6-8. Article I, § 8 of the Oregon Constitution reads:

"No law shall be passed restraining the free expression of opinion, or restricting the right to speak, write, or print freely on any subject whatever; but every person shall be responsible for the abuse of this right. "

As a preliminary matter, we note that this provision applies to moving pictures. Cf. Joseph Burstyn, Inc. v. Wilson, 343 US 495, 72 S Ct 777, 96 L Ed 1098 (1952). Article I, § 8, makes a sharp distinction between legislative restraint imposed prior to publication and penalties imposed afterward. Censorship by licensing is, of course, a prior restraint. One conspicuous vice of administrative licensing such as that challenged in the case at bar is that, as a practical matter, it imposes the burden on the wrong party. Emerson, The Doctrine of Prior Restraint, 20 L & Contemp Prob 648, 655-60 (1955). After the censor has accomplished his work, there may be a right of appeal to an administrative agency and eventually to a court, but the appellant bears the very considerable burden of showing that the censor has abused his power. This shifting of the burden alone is repugnant to Article I, § 8.

*321 9. Although we rely upon our own constitution, we note that the ordinance is also repugnant to the First and Fourteenth Amendments of the United States Constitution, since it contains no constitutional standards for enforcement. Holmby Productions, Inc. v. Vaughn, 350 US 870, 76 S Ct 117, 100 L Ed 770 (1955); Superior Films v. Dept. of Education, 346 US 587, 74 S Ct 286, 98 L Ed 329 (1954); Gelling v. Texas, 343 US 960, 72 S Ct 1002, 96 L Ed 1359 (1952); Joseph Burstyn, Inc. v. Wilson, supra. See, also, dissenting opinion of Warren, C.J., in Times Film Corp. v. Chicago, 365 US 43, 81 S Ct 391, 5 L Ed2d 403 (1961). Despite the city's reliance upon the provision in the ordinance for review by the city council, the ordinance remains repugnant to federal due process. The provision for review by the council merely substitutes the unguided discretion of a committee for that of its appointee. The council's action in ratifying a particular instance of censorship can not cure the unconstitutional vagueness of the ordinance.
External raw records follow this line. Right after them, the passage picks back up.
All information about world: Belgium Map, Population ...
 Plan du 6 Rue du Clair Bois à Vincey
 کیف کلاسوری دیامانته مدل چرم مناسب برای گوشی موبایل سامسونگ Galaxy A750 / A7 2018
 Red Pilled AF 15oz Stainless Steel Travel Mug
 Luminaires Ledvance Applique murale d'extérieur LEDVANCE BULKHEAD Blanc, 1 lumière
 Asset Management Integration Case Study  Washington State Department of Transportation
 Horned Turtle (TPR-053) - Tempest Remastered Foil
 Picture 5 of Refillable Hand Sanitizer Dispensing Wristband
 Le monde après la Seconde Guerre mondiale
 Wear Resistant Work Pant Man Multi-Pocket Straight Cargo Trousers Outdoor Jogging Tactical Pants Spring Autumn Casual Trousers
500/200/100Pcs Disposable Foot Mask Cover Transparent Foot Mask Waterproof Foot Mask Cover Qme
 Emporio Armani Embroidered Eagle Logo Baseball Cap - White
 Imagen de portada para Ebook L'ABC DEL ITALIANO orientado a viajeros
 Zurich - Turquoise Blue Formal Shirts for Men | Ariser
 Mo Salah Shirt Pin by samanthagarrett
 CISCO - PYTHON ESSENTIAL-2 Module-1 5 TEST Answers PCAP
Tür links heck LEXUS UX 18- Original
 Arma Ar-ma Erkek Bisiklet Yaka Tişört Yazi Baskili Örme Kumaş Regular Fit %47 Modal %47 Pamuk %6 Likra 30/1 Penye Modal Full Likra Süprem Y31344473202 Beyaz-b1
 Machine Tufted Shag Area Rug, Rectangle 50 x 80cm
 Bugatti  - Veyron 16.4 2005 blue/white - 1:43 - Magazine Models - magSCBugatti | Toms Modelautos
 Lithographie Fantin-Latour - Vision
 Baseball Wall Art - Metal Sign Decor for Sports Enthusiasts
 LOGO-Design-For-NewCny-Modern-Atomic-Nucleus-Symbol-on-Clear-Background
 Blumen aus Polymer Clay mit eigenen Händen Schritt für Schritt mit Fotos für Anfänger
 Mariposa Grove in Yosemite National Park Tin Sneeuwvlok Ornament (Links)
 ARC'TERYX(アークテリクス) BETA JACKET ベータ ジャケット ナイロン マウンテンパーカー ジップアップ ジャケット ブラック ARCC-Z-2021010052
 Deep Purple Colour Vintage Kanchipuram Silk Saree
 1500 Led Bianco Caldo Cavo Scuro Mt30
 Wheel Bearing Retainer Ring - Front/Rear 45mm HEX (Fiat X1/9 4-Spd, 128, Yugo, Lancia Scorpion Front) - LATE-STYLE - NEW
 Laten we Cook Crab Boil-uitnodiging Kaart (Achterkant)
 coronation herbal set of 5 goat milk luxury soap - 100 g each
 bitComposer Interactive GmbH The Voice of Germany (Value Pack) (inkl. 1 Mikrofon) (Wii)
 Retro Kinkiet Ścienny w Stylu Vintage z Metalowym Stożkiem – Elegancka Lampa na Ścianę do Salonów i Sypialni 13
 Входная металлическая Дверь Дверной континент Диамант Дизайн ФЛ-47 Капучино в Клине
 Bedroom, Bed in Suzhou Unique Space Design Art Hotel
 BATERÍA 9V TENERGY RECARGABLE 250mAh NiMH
William Goldman Theateres, Inc. v. Dana, 405 Pa 83, 173 A2d 59 (1961); Zenith International Film Corp. v. City of Chicago, Ill., 291 F2d 785 (7th Cir 1961). (Both decided in light of Times Film Corp. v. Chicago, supra.) See, also, State v. Corbisiero, 67 N J Super 170, 182, 170 A2d 74, 82 (1961).

10, 11. The city has constitutional remedies at its disposal. An injunction may lie against a particular kind of communication, subject to Article I, § 8. See Crouch v. Central Labor Council, 134 Or 612, 293 P 729, 83 ALR 193 (1930). Further, it would seem that an injunction will lie against obscenity if the party seeking the remedy can prove a case in court. Cf. Kingsley Books, Inc. v. Brown, 354 US 436, 77 S Ct 1325, 1 L Ed2d 1469. It should be obvious that the city *322 has yet another protection against purveyors of obscenity. State v. Jackson, 224 Or 337, 356 P2d 495, points the way to a constitutional method for protecting the legitimate public interest in freedom from commercial filth. Our constitution does not prohibit sending convicted obscenity dealers to jail; but it does forbid the censor usurping the function of judge and jury.

12. It is our conclusion that the rehearing must be denied, but that the former opinion must be modified in two particulars. First, the ordinance is unconstitutional. Second, the references in our former opinion to violations of the ordinance as "crimes" or "criminal" should be understood in light of the well-settled rule in this state that violations of city ordinances are not necessarily crimes. It was not intended to suggest otherwise.

Our former opinion is modified accordingly. The petition for rehearing is denied.